Last week week lost one of modern cinema's greatest writers when William Goldman passed away at 87. Camus pays tribute to the author of some of the sharpest screenplays to hit Hollywood in the second half of the twentieth century.
 

I spent a rather splendid chunk of 1984 in the US, and my memories of the period are interspersed with reading and absorbing one of the best books on the film industry I have ever read. It was candid (in some cases foot-shootingly so), hugely entertaining and extremely instructive. Adventures in the Screentrade (a title riff on Dylan Thomas' Adventures in the Skin Trade) was a memoir and a behind the scenes look at the film industry by an insider, the remarkable and so very humanistic William Goldman whose death at the grand age of 87 was reported last week. That is a big crack in the Hollywood universe.

William Goldman © 
Writers Guild Foundation
Writers Guild Foundation

Screenwriters, it's fair to say, are rarely thrust forward into the glare of both pre-release marketing or post-success praise. This is odd for one fundamental reason. It's their work that puts movies on the screen in the first place. Yes, authors write novels that are adapted but those adaptations must work as feature films and not just filmed novels. We all know stars, movie aficionados know directors and a few cinematographers but only the truly upper echelon of movie geekdom can name more than five screenwriters. It's almost like seeing a great hall of people eating and none of them is aware of how much work it took and by whom that work was done to get the food on to their plates in the first place. I still scratch my head that (like teachers and nurses) screenwriters are not held in significantly higher regard. OK, for the top five per cent of superstar screenwriters (of which Goldman was certainly one), the pay is absurdly surreal but let's remember the grunts, the foot soldiers, those labouring daily who may hit a high pay-day once or twice in their life but usually toil fired by a passion for storytelling paying the rent with a second job. They're still on the ground digging up stories and passing them on. And William Goldman was their champion too. He was well known for nurturing talent.

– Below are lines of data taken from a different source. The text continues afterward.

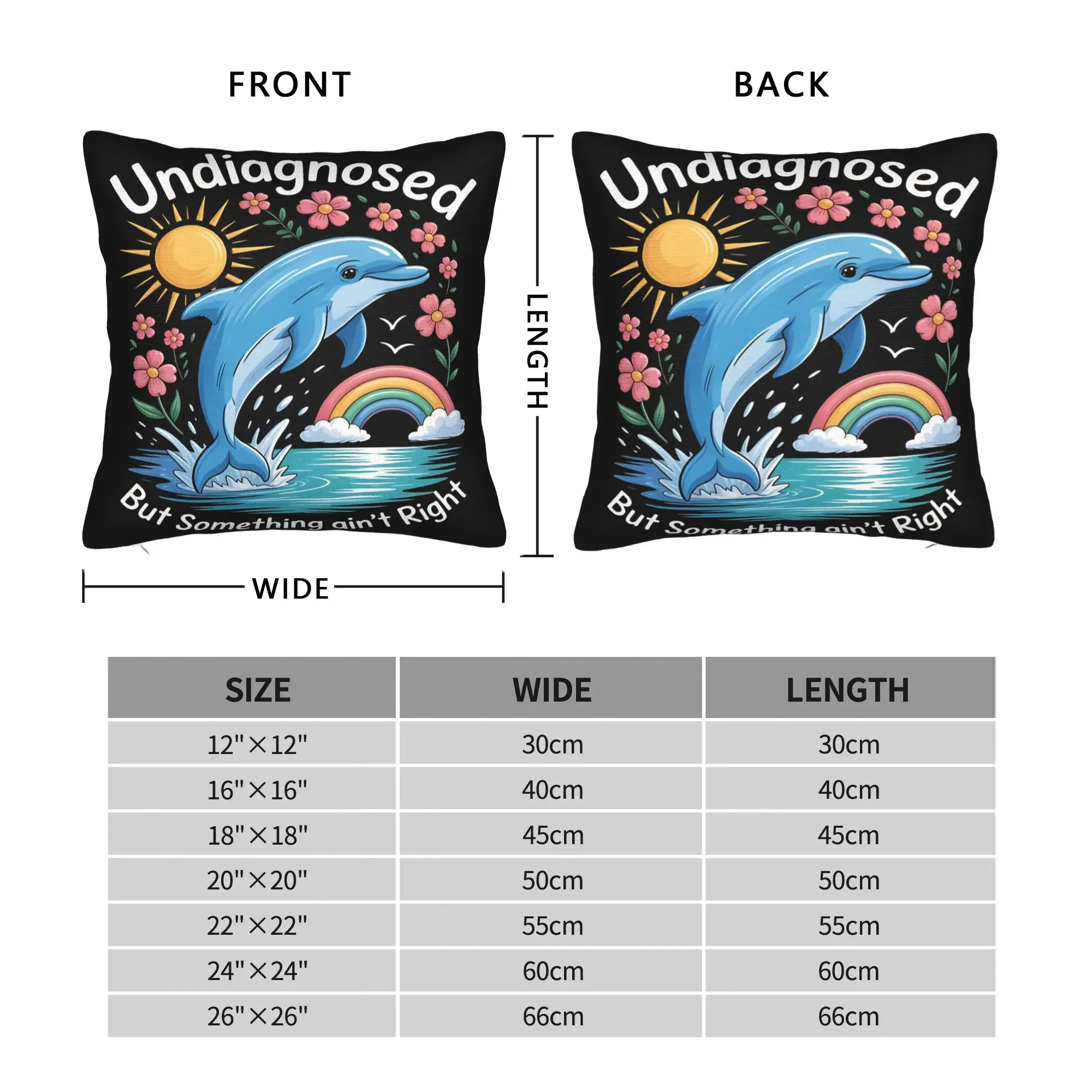 Pillow Case Undiagnosed But Something Ain't Right dolphin Square  Pillow Cover For Sofa Home Decoration Morden Pillowcases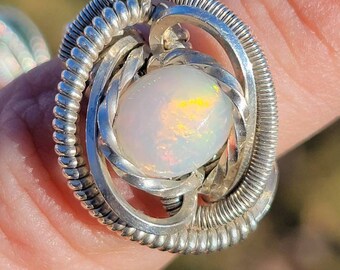 Ethiopian Opal 925 sterling silver ring size 6.75. Wire wrapped Ethiopian Opal Ring, wire weaved Ethiopian opal statement ring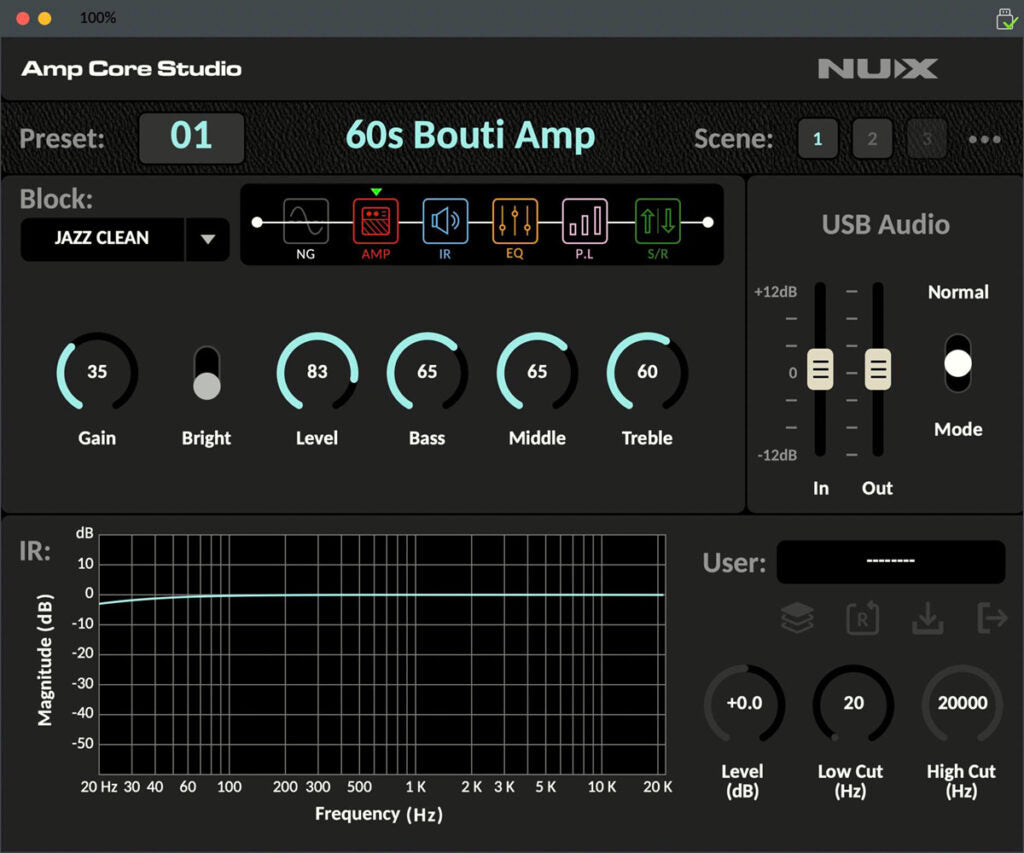 Pedal Guitar Nux Amp Core Studio NCA1, Amp Modeler & IR Pedal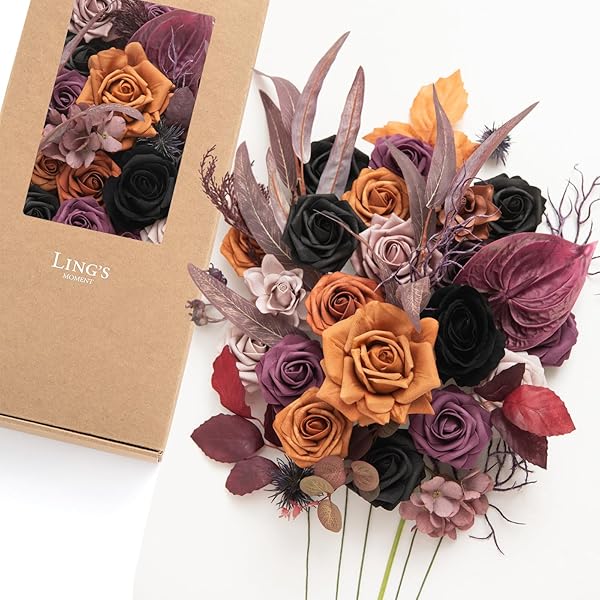 Ling's Moment Ling's moment Fake Flowers Box, Faux Artificial Greenery Stems Foam Roses Gardenia Anthurium Silk Willow Eucalyptus Fabic Flower for Centerpieces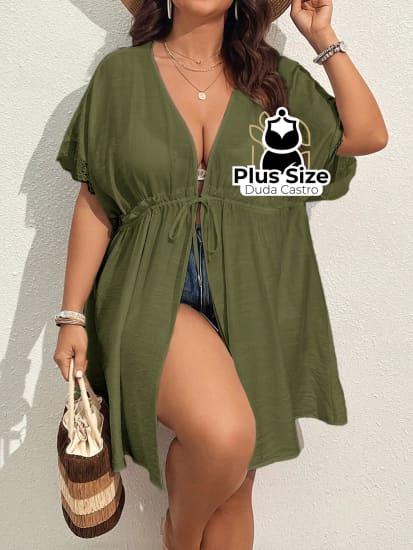 Quimono De Praia Com Manga Morcego Cordão Na Cintura Renda E Fenda Lateral Plus Size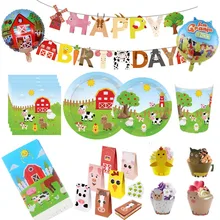 Suministros de fiesta de cumpleaños de animales de granja, servilletas de papel, decoración de granja, vajilla desechable, plato, mantel, taza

The man was primarily a great provider of fine cinema. If he were only famous for being the writer of Butch Cassidy and the Sundance Kid, then that would be enough to immortalise anyone. But his official credits and the untold movies out there that he rewrote with no recognition (but with, one imagines, good coin), reinforce his stellar reputation. Sure, there were a few misfires (I still do not understand the logic or even the existence of Dreamcatcher) but for Butch, All The President's Men, Magic, Marathon Man and The Princess Bride, I will be forever grateful. In most obits, his wisdom from the afore mentioned book is readily quoted; on Hollywood and making films, "No one knows anything," specifically referring to the producers and execs because each film is a prototype and until something works, no one knows if it will. Having said that, I believe the 2019 Avengers film is going to be absurdly successful. No one's going to bet against that. The second Goldmanism is "Screenplays are structure." Both nuggets of wisdom survive him and will go on enriching the film community.

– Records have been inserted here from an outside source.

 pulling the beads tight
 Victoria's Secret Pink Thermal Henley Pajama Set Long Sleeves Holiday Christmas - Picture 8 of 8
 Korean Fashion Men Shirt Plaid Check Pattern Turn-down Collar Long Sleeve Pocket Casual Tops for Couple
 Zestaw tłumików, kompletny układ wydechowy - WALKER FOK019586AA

Of course if screenplays are structure and dialogue takes a lower place in a screenplay's order of importance, it seems odd to celebrate Goldman by quoting lines but I can't quote structure however important it is... So here are three of my favourite Goldman moments, and not necessarily the more well known. Bill, you will be missed.

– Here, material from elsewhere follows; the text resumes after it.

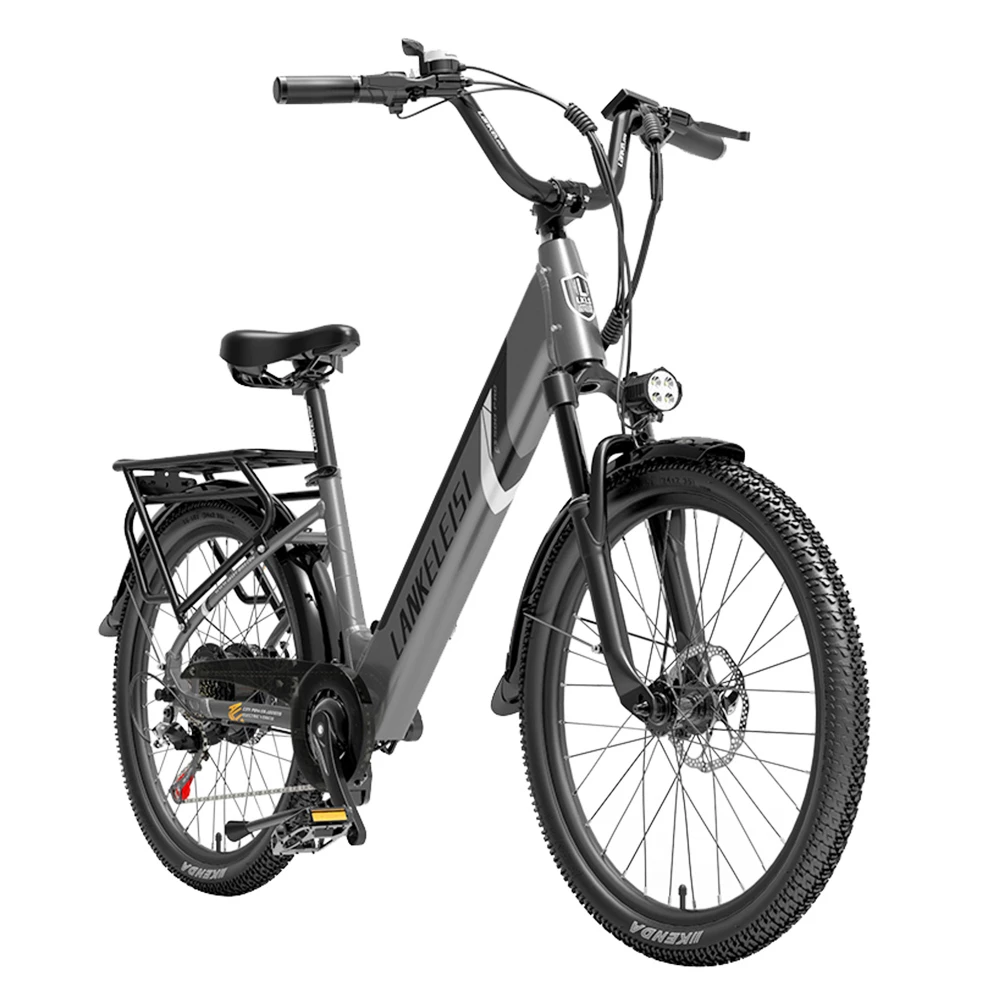 Brand new โญ LANKELEISI ES500PRO Electric Bike 500W Motor 48V 16Ah Battery 24'' Tire 32km/h Max Speed Shimano 7 Speed Gear - Grey โญ - Image 3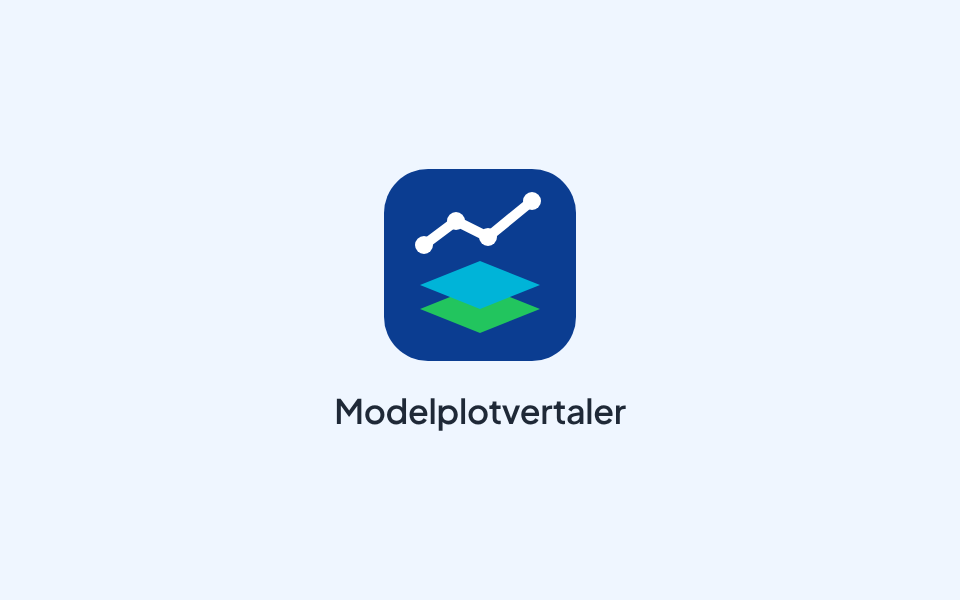 Tijdelijke afbeelding: het icoon van Modelplotvertaler, twee gestapelde vlakken met een lijngrafiek erboven, op een lichtblauw vlak.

In Papillon, Steve McQueen is on the run and has just sipped from the same coffee mug a leprosy victim offered him, a gesture of trust...

Toussaint: How did you know I have dry leprosy, that it isn't contagious?
Papillon: I didn't.

Jason Robards as Ben Bradley in All the President's Men

In All The President's Men, I adored Jason Robard's turn as The Washington Post editor Ben Bradlee. His wit and understatement was always bang on. The following also happens to describe what's happening in real time out in the open right now, which is why it's still über-relevant...

Ben Bradlee: We're under a lot of pressure, you know, and you put us there. Nothing's riding on this except the, uh, first amendment to the Constitution, freedom of the press, and maybe the future of the country. Not that any of that matters, but if you guys fuck up again, I'm going to get mad. Goodnight.

And finally, there's the climax to one of Goldman's most famous lines, an oddly emotional climax given that the line is usually played for laughs throughout. This is, of course, the great Mandy Patinkin in The Princess Bride... He has finally cornered the six-fingered man.

Inigo Montoya: HELLO! MY NAME IS INIGO MONTOYA! YOU KILLED MY FATHER! PREPARE TO DIE!

(Inigo slashes his cheek, giving him a scar just like the one he gave Inigo)

Inigo Montoya: Offer me money.
Count Rugen: Yes!
Inigo Montoya: Power, too, promise me that. 

The Princess Bride

(He slashes his other cheek)

Count Rugen: All that I have and more. Please...
Inigo Montoya: Offer me anything I ask for. 
Count Rugen: Anything you want... 

(Rugen lunges but Inigo traps his arm and aims his sword...)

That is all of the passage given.